Although the reasons for the shift are complex, anecdotally the people I know and work with cite an increase in extracurricular activities competing for students’ time, especially during the school year; and a de-valuation of employment among teens and their families.

Succeeding despite those headwinds takes a special effort, especially during back-to-school when the trends are most pronounced. But it’s not impossible.

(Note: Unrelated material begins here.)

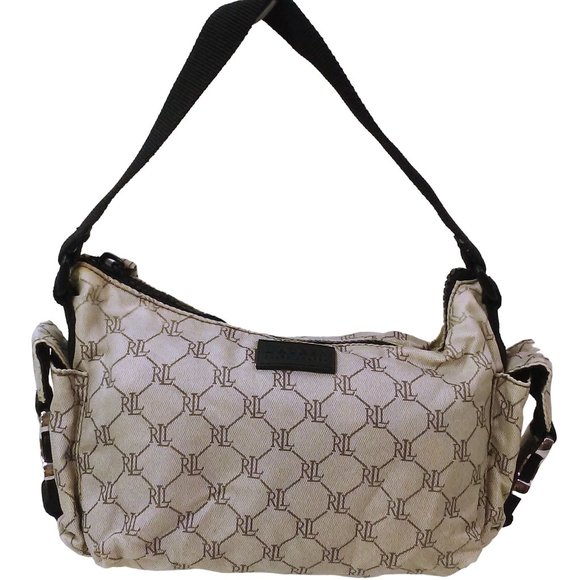 Lauren Ralph Lauren TopCarry Logo Fabric Utility Handbag 10x7 Pockets Duty-Strap - Picture 2 of 8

Tips for Restaurant Owners and Managers

The first advice, or course, is plan ahead. The back-to-school blip is perennial and happens every year, yet I still see owners who have a hard time shifting gears and adjusting staff (or making plans to do so) in July and August. Beyond that, I suggest four areas to focus on:

  • Build Culture: You need to be the kind of place teens want to work. Look at your environment and employees with fresh eyes and emphasize doing things right. People with an excellence mindset want to work in jobs that also promote excellence. You’ll get more motivated and loyal people if your culture is positive and relevant. Likewise, teens want to be places popular with teens. Engage with local schools or try hosting teen-friendly events.
  • Don’t Fall on Your Sword Over Inflexible Rules: Managers and owners have their way of doing things. I often hear things like “If they can’t work weekends, I don’t want them.” But it might be worth being flexible – modern scheduling tools make it easier to win at “calendar Tetris.” Hard-working teens are balancing more than ever today. It’s worth adapting to attract the best of them.
  • Take Advantage of Technology: In addition to scheduling, QSR technology has grown immensely in scope and capability. Today we help owners look at wages and staffing across dozens of locations to ensure the right wage is offered at the right restaurant. We make benefits easier to deploy and manage. We offer pay-on-demand and other tools that teens like. Technology is a secret weapon in your staffing arsenal. 
  • Get Creative: Try new things! I’m seeing more innovative ways to attract labor, like sponsoring a local school’s football team as long as a number of players take jobs at a location. Others offer special wages for hard-to-staff shifts. Events, promotions, and unique experiences for employees can increase your appeal. 

Of course, it takes two to tango when hiring. It needs to be a good fit for employer and employee. Speaking to teens and parents, I would encourage them to shop around and check out the vibe at potential employers to find a place the teen can be excited about. When talking schedules, make commitments you can keep. 

And finally, take a broader view of the job. It’s not just about the money: A job can also be an education for teens, where they learn responsibility, communication, and how to advocate for themselves.